Pode entrar o fundo de reserva, quando o grupo o estabelece, que protege o próprio grupo em situações como inadimplência e cujo saldo é rateado entre os participantes no encerramento. E pode entrar o seguro, quando o contrato prevê, que quita o saldo da cota em casos como morte ou invalidez. Os dois aparecem destacados no contrato, parcela a parcela.
A parcela do consórcio sobe?
É reajustada, e a razão joga a seu favor: o que se corrige é o valor do crédito, para que ele continue comprando o mesmo bem quando a contemplação chegar. O índice está no contrato e varia conforme o tipo de bem, com reajuste normalmente anual, aplicado só às parcelas que ainda faltam. Diferente do juro, não incide sobre saldo devedor nem cresce mês a mês.
Quando vou ser contemplado?
Não há data garantida. A contemplação acontece por sorteio ou por lance nas assembleias, e todo participante em dia concorre em todas elas. A certeza é que todos são contemplados até o encerramento do grupo, porque o número de cotas e o prazo são definidos desde o início. É possível desenhar uma estratégia de lance para aumentar as chances em uma janela desejada, mas nenhuma empresa séria promete prazo.

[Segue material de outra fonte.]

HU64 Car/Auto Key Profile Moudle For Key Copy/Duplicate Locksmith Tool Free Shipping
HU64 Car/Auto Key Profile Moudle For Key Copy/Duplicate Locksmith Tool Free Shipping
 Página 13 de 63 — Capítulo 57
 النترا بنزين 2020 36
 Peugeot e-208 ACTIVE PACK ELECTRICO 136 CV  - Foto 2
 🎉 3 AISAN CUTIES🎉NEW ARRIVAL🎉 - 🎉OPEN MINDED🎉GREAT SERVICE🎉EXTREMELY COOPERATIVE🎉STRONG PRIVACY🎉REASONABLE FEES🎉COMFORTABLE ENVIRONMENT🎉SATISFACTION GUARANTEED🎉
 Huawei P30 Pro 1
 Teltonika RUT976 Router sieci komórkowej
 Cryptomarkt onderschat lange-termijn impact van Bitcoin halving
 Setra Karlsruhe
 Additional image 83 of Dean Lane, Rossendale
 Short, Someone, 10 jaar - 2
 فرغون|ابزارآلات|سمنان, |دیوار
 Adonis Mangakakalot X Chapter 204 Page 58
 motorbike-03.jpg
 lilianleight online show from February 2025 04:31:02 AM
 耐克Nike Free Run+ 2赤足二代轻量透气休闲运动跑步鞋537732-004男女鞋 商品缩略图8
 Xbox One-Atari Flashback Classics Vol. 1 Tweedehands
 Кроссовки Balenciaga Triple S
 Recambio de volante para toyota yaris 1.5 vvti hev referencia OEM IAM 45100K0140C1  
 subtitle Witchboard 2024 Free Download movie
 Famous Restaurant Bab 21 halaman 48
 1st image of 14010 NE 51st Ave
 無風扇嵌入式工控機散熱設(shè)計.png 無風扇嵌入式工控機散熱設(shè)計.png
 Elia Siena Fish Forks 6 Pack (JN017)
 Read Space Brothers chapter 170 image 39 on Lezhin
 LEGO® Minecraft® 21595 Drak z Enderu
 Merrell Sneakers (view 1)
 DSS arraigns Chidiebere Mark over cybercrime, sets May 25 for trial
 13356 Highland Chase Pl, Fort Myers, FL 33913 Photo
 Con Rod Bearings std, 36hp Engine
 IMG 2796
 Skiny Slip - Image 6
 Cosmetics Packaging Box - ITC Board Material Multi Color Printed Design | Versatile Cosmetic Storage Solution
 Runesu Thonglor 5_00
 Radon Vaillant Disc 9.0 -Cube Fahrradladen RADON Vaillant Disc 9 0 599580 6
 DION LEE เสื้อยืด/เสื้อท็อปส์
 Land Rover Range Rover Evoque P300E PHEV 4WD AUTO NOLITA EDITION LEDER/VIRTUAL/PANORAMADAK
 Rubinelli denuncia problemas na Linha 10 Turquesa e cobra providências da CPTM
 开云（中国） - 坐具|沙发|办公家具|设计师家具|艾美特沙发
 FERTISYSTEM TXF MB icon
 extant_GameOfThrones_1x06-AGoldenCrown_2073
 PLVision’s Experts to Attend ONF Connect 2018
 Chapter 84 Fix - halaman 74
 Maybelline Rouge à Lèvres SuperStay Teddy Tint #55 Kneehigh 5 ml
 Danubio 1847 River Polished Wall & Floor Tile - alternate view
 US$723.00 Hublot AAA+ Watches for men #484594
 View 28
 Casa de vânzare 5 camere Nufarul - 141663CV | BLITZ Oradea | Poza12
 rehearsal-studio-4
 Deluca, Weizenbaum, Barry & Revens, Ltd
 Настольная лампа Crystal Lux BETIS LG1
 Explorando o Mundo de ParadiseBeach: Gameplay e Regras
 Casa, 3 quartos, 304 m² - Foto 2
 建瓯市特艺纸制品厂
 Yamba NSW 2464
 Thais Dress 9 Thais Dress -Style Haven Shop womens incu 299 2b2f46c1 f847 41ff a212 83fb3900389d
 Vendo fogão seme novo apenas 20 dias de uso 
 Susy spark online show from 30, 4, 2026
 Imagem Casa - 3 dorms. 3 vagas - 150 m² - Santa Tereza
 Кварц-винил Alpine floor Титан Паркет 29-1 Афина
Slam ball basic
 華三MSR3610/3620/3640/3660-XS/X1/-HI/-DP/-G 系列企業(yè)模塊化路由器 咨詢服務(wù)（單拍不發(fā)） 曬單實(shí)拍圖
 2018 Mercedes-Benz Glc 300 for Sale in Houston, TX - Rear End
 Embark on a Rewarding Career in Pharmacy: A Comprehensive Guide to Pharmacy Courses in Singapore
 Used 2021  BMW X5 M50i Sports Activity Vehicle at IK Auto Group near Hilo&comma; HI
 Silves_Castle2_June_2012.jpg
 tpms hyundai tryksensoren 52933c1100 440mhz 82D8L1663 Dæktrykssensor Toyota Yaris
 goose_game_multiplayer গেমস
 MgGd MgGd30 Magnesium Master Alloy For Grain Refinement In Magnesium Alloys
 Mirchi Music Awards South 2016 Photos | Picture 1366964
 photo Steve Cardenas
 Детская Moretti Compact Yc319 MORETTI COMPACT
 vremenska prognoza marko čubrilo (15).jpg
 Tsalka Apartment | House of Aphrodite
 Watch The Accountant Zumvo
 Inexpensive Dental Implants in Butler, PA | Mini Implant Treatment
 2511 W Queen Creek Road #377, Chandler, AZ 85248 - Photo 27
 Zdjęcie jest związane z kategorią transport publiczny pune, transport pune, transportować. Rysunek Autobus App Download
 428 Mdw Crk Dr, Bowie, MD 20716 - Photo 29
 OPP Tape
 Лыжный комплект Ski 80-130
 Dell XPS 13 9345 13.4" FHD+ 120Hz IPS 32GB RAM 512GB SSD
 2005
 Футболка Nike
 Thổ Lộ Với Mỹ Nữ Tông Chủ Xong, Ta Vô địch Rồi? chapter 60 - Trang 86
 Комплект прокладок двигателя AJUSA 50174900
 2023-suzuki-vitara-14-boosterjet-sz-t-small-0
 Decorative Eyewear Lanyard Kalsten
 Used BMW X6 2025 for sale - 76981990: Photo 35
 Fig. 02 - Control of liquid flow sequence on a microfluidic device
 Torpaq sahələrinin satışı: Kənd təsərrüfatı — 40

O que é lance e como funciona?
Lance é uma antecipação de parcelas ofertada para disputar a contemplação na assembleia. No lance livre, cada um escolhe quanto oferta e vence a maior oferta. No lance fixo, o percentual é o mesmo para todos e o desempate é por sorteio. No lance embutido, parte do próprio crédito é usada na oferta, o que antecipa a contemplação e reduz o valor que você recebe na carta.
O dinheiro do grupo é seguro? Quem fiscaliza?
O setor de consórcios é regulamentado e fiscalizado pelo Banco Central do Brasil. As administradoras precisam de autorização para operar e seguem regras rígidas de gestão dos recursos dos grupos.
Posso usar o FGTS no consórcio de imóvel?
Sim. Em consórcio de imóvel residencial, o FGTS pode ser usado para ofertar lance, amortizar ou quitar saldo, seguindo as regras do fundo e da administradora.
O que acontece se eu atrasar ou quiser sair?
Enquanto a parcela estiver em atraso, a cota não concorre à contemplação daquele mês, e o contrato pode prever encargos. Regularizando, você volta a concorrer normalmente. Para quem precisa sair, o caminho mais comum é transferir a cota a outra pessoa, com anuência da administradora. Na saída do grupo, a devolução é do que foi pago ao fundo comum, corrigida, e ocorre por contemplação, por sorteio na condição de excluído ou no encerramento do grupo; a taxa de administração já paga não retorna. Por isso avaliamos folga real no seu fluxo de caixa antes de contratar.
Consórcio é investimento?
Não. Consórcio é um mecanismo de autofinanciamento para aquisição de bens e serviços. Ele pode fazer parte de uma estratégia patrimonial, mas não é aplicação financeira e não possui rentabilidade.